Optimizing LLM Efficiency: Reducing Input Tokens by 70% with Adola
As Large Language Models (LLMs) are integrated into production environments, the cost and latency associated with massive context windows are becoming critical bottlenecks. When developers implement Retrieval-Augmented Generation (RAG) or complex agentic workflows, they often encounter "noisy" context—redundant information, irrelevant snippets, or bloated tool transcripts—that increases token consumption without adding value to the final answer.
Adola introduces Rose 1, a semantic prompt compression engine designed to trim this noise before the model call. By focusing on "keeping what matters," Rose 1 aims to reduce input tokens by up to 70% while ensuring that the core reasoning and factual accuracy of the model remain intact.
How Semantic Compression Works
Unlike simple truncation, which might cut off vital information at the end of a prompt, Adola uses semantic compression. This process identifies and removes redundant or irrelevant data while preserving the essential spans of text required to answer a specific query.
For example, in a technical support scenario, a prompt might contain duplicate notes from a support thread or unrelated ticket history. Rose 1 filters these out, retaining only the critical schema, policy exceptions, account tiers, and citation trails necessary for the model to provide a safe and accurate response.
Performance and Benchmarks
One of the primary challenges with prompt compression is the risk of "turning the model blind"—removing too much information and causing a drop in accuracy. Adola has released production benchmarks for Rose 1 across six major evaluation sets, demonstrating high stability even with a 70% compression ratio (keeping only 30% of the original prompt).
Benchmark Results
| Evaluation Set | Focus Area | Accuracy Impact |
|---|---|---|
| AIME | Competition Math | 0% decrease |
| GPQA Diamond | Expert Science QA | 0% decrease |
| GDPval-AA | Professional Tasks | 0% decrease |
| CommonsenseQA | Commonsense Reasoning | 0% decrease |
| GSM8K | Grade-school Math | 0% decrease |
| ARC-Challenge | Grade-school Science | 2% decrease |
These results suggest that for the vast majority of hard reasoning tasks, the semantic noise can be stripped away without impacting the model's ability to reach the correct conclusion.
Production Use Cases
Adola is positioned as a "pre-model API" or a prompt gateway, meaning it can be inserted into existing workflows without requiring a change in the model provider. Key application areas include:
1. Agent Traces
In multi-step agentic workflows, tool transcripts can become incredibly long. Adola can trim these transcripts before the next planning step, reducing the cost of subsequent turns in the conversation.
2. RAG Retrieval
Retrieval systems often over-retrieve chunks to ensure the answer is present. Rose 1 shrinks these over-retrieved chunks while keeping the answer-bearing spans, optimizing the context window.
3. Support Copilots
For customer support bots, compressing ticket history, policy documents, and account context allows the model to handle more history and documentation without hitting token limits or increasing latency.
Implementation
The tool is designed for developer ease, offering SDKs for Python, JavaScript, TypeScript, Go, and Rust.
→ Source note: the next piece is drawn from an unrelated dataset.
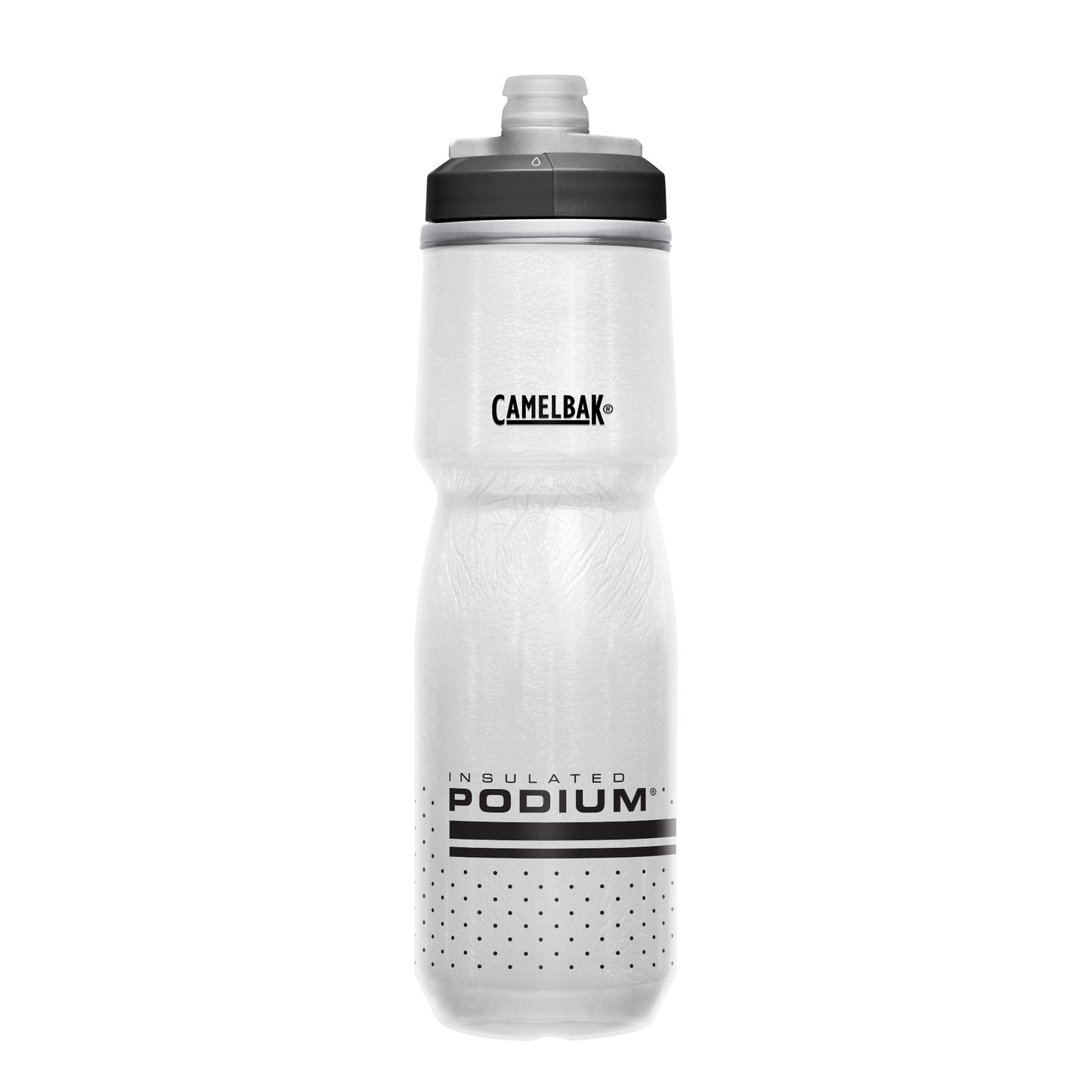 Podium Chill 24oz Insulated Cycling Water Bottle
A typical implementation involves sending the raw context and the user query to the Adola API, specifying a target compression ratio.
from adola import Adola
client = Adola(api_key="rose_...")
result = client.compress(
input=open("retrieved_context.txt").read(),
query="Which incident caused latency?",
compression={"target_ratio": 0.3},
include_spans=False,
)
compressed = result["output"]
Community Perspectives
While the initial reception highlights the potential for cost savings, some users have raised questions regarding the flexibility of the compression strategy. One user noted:
"Can I choose a strategy for token reduction, based on what I'm optimizing for? I might be ok with a quality drop for a great cost savings, for example."
This suggests a demand for more granular control over the trade-off between accuracy and aggressive cost reduction, a feature that would allow developers to tune the compression level based on the specific criticality of the task.